▸ Required action: Could you retype the lines below, starting at the line holding "Return of the" and stopping at the line holding "Suavinex™ Link Bags For Breast Milk 25 Uts", inclusive? Copy them exactly and drop the images.

▸ Extracted entries:

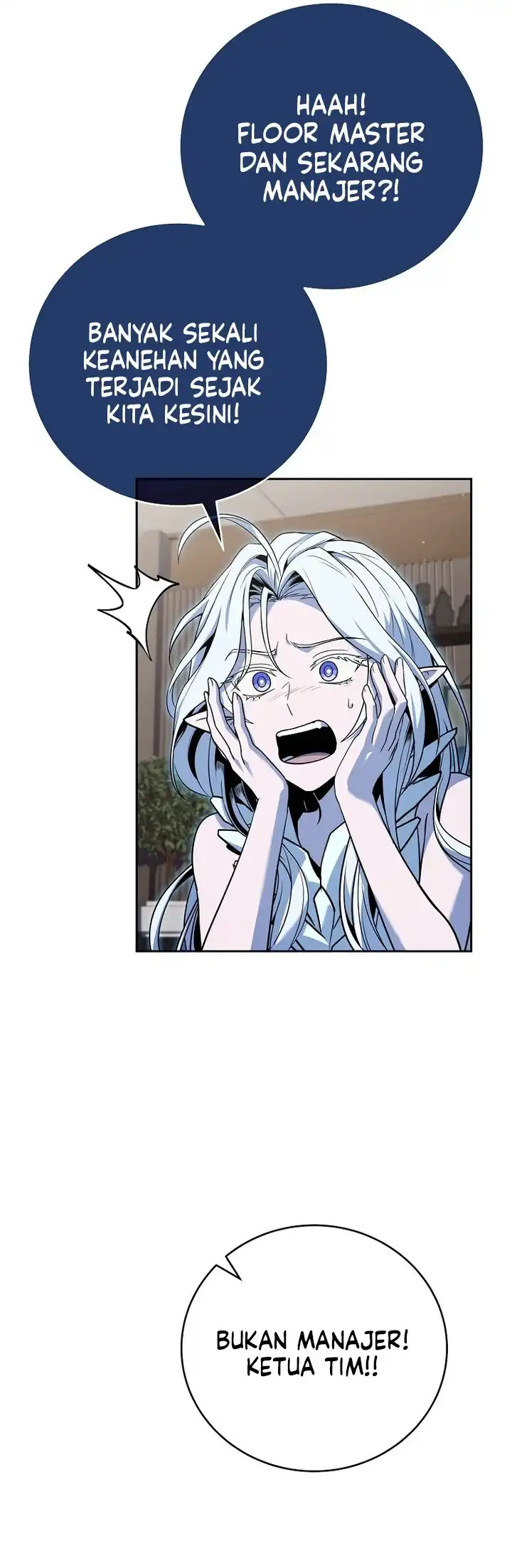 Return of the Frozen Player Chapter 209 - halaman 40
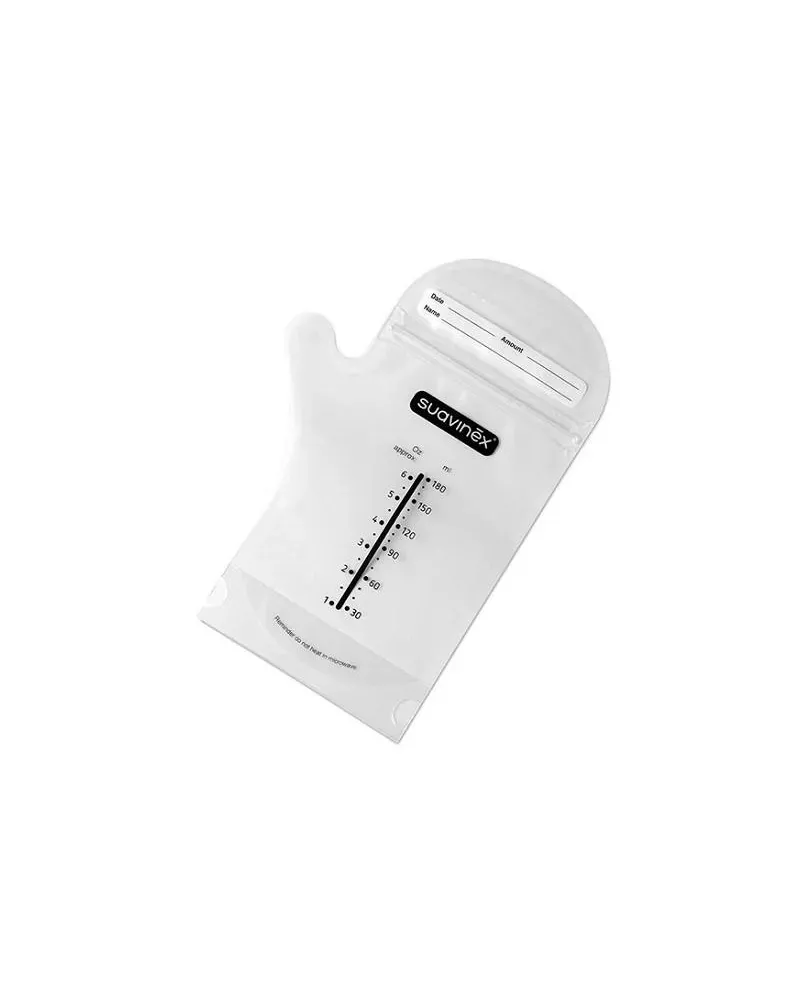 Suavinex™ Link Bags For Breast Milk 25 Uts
---
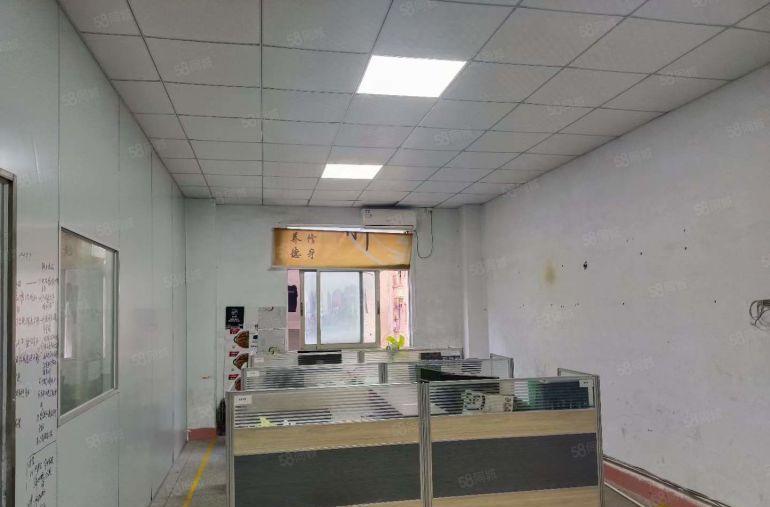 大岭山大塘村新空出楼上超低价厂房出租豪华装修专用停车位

▸ Answer space:
 Return of the Frozen Player Chapter 209 - halaman 40
 Suavinex™ Link Bags For Breast Milk 25 Uts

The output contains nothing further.